# Help with clean disconnect for USB backup drive



## iroc409 (Dec 29, 2013)

I have a ZFS file server here at home running backups on 3 USB 3.0 3TB drives (that's a lot of 3's) that I rotate for my backup scheme. I'm having some issues getting a "clean" disconnect, and I think I am missing a command to take care of it; after a lot of Googling I've not really found what I think I am looking for. I am pretty sure I've used it in the past, but can't for the life of me remember what it is.

The external drives are single-drive ZFS pools. So, when I disconnect a drive I use `zfs export` on the drive. I have in the past been able to use usbconfig to turn off the external drive, but the last time I swapped them out it would not turn the drive off (after export). After I unplugged the drive and plugged in the new drive, the server would not see it. I had to reboot the server to import the next drive.

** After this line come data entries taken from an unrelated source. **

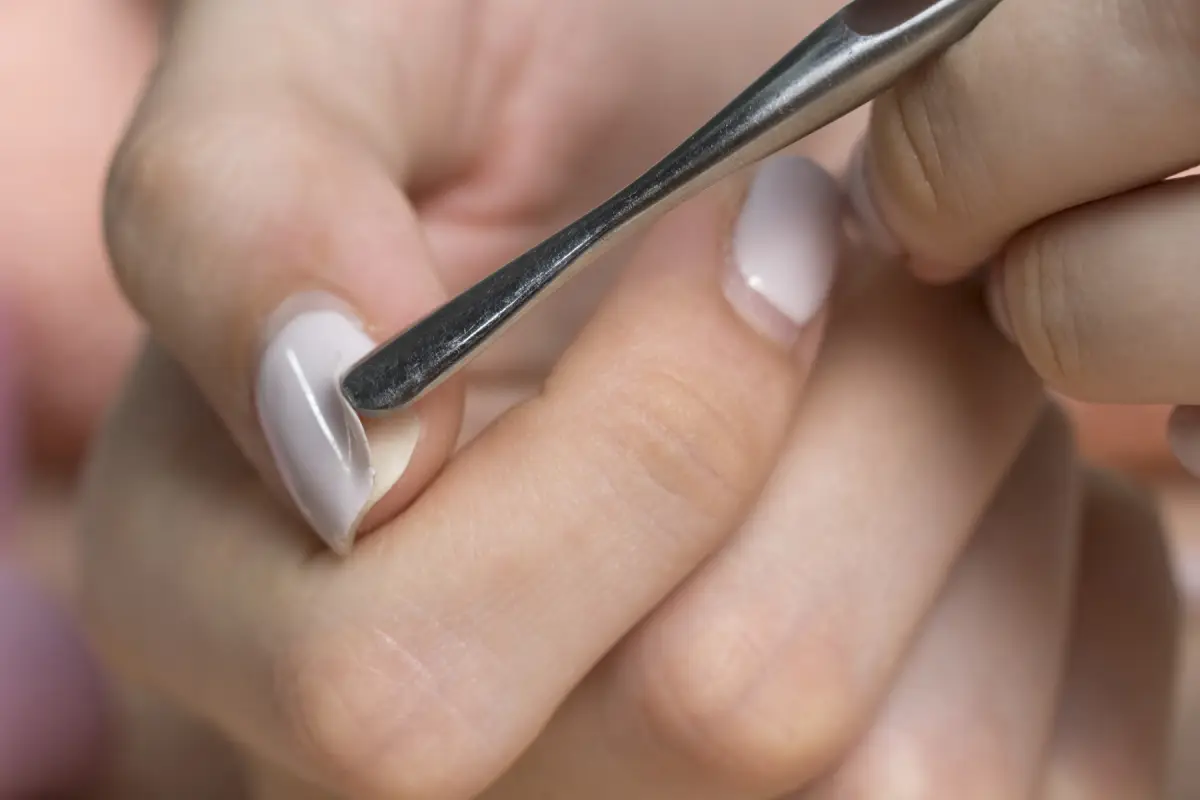 weisse flecken nagel warum weisse flecken auf fingernaegeln gellack selbst entfernen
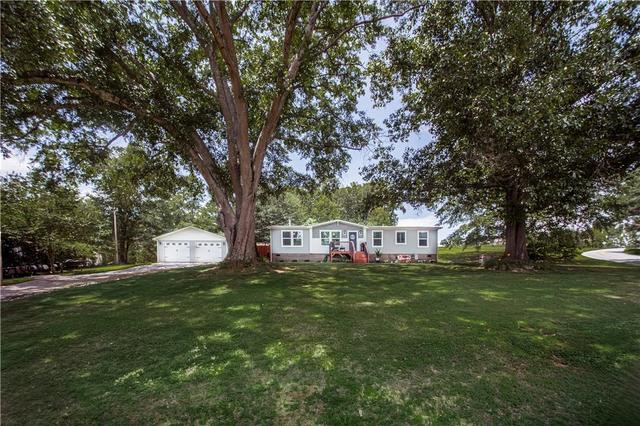 1059 Belle Shoals Rd, Pickens, SC 29671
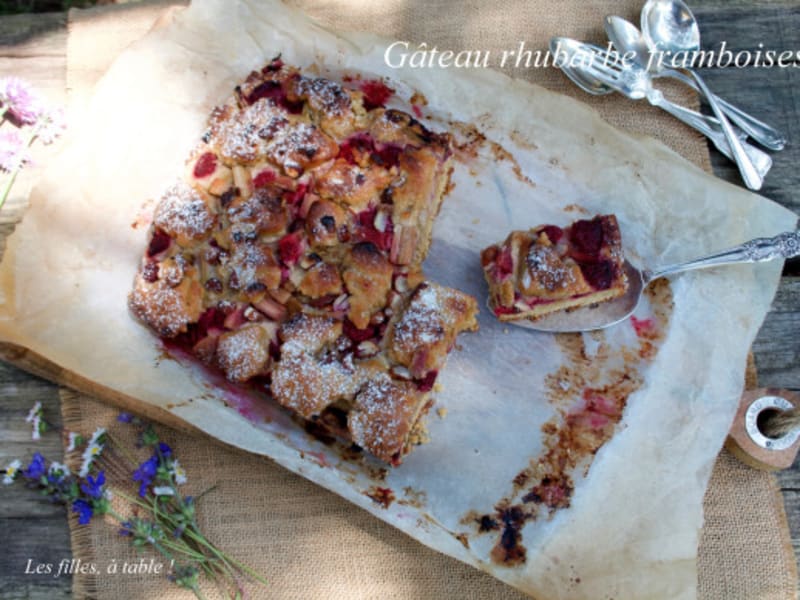 Gateau Crumble A La Rhubarbe Et Aux Framboises Recette Par Les Filles A Table Gateau Crumble A La Rhubarbe Et Aux Framboises Recette Par Les Filles A Table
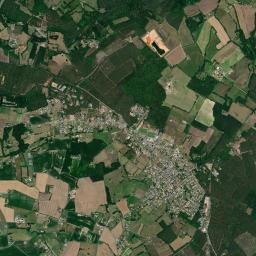 Brette-les-Pins High Resolution Satellite Map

I haven't seemed to have any data loss or failures, no panics, warnings, etc. I would like to create some scripting to automate some tasks and to do some checks before it performs the daily backup. Being able to completely turn off a backup drive automagically would be a large benefit.

Is there something I should be using after I export the USB drive's ZFS pool to properly disconnect it from the system, or do I just have some sort of bug going on that isn't letting it fall off gracefully?


----------